前にも少し触れたかと思うが、『PINK BLOOD』の歌詞は『Face My Fears』と幾つかの部分で対になっていると捉えると見通しがいい。歌詞を対比してみてみよう。

①:

『ねぇ どれくらい ねぇ 笑えばいい

 今伝えたいこと よそに』

『他人の表情も場の空気も上等な小説も

 もう充分読んだわ』

こう並べると、『Face My Fears』では他人の顔色を窺っていたのが、『PINK BLOOD』ではそういった事から解き放たれているようにみえる。

②:

『私の地図に載っていない道に立ちたい』

『サイコロ振って出た数進め

 終わりの見えない道だって』

どちらも「道無き道を行く」態度だが、『立ちたい』と願っていた『Face My Fears』に対して、『PINK BLOOD』ではもう前に進もうとしているようにみえる。

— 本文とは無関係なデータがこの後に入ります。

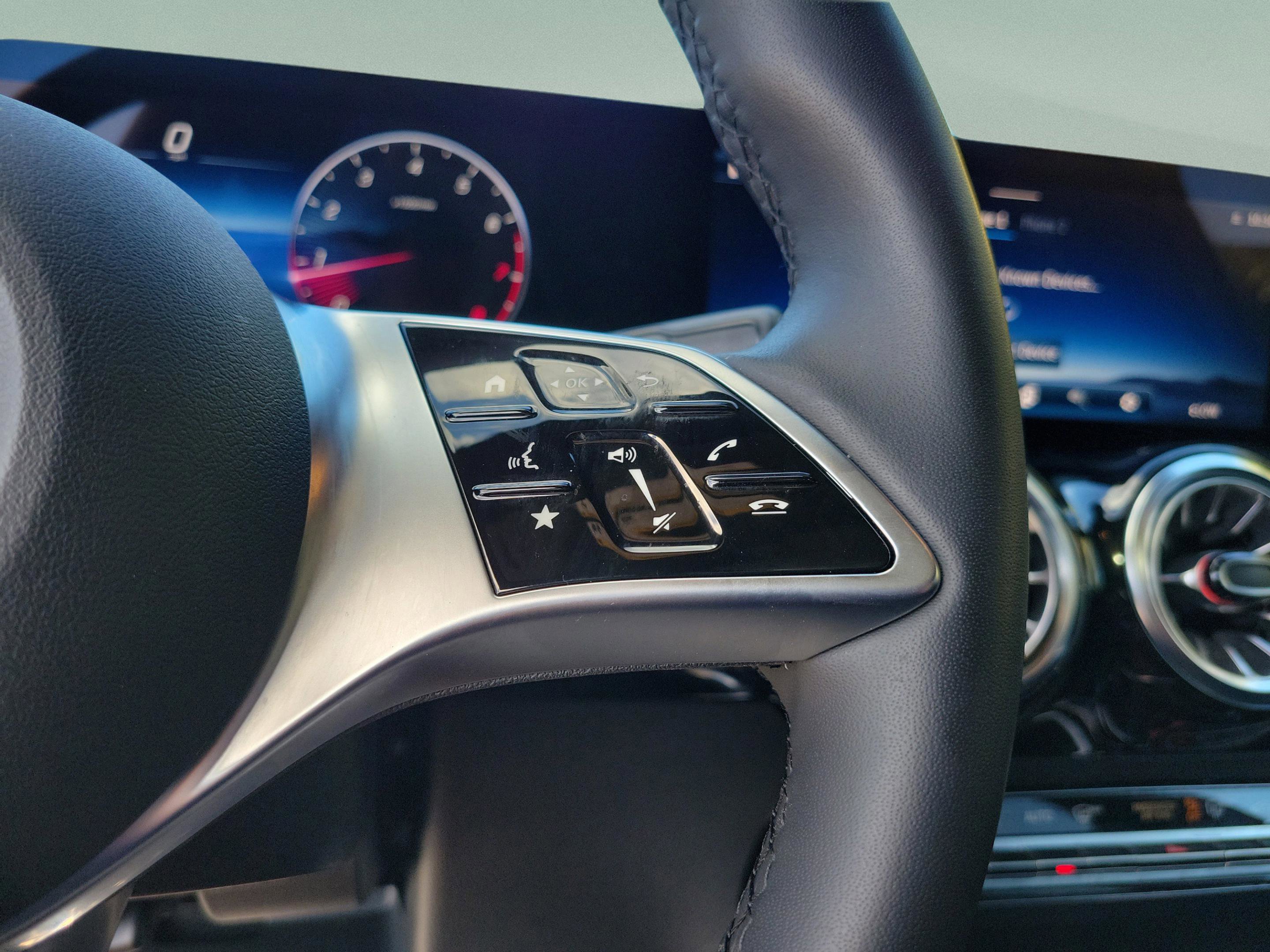 Certified 2026 Mercedes-Benz GLA 250 image 22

Watch me cry all my tears』

『A handhul teardrops fall to the floor』

『Face My Fears (English Version)』の歌詞と『PINK BLOOD』の『(あなたの部屋に歩きながら)床に何個も落ちる涙』の部分の英訳詞というやや変則的な対比。どちらも非常に描写が美しいので取り上げた。「泣いてる私を見て」と言っていたのが、一人で人目を忍んで泣くようになったようにも思える。

『Lose, don't have nothing to』

『I'm not afraid of losing that thing』

同じく英詞と英訳詞の対比。『PINK BLOOD』は『失うことを恐れないわ』の部分。『Face My Fears』のそれは「喪失。そんなの関係ない。」というような意味だろうか。「失うものは何もない。生きてりゃ得るもんばっかりだ!」みたいな感じかな?

『私の知らない私に早く会いたい』

『もう知ってるから』

結論を言えば、この最後の対比に現れているように、『Face My Fears』が先にあって、次に『PINK BLOOD』が来たと考えた方が自然な流れになるように思える。勿論、それぞれ「キングダムハーツ3」と「不滅のあなたへ」のテーマソングなので、それぞれのタイアップを意識した歌詞も含まれているだろうし、それらがひとつの流れの中に順序だって置かれているとか相互に関連しているとかそんな必要は全く無いのだけれど、何れの曲もヒカルの私小説的な側面を描写した歌詞のように聞こえているので、時間的順序を考察するに値すると考えた。果たして真実や如何に。

…………願望や希望を歌う『Face My Fears』より、決意して進もうとしている『PINK BLOOD』の方が後の気がするのよね、やっぱりね。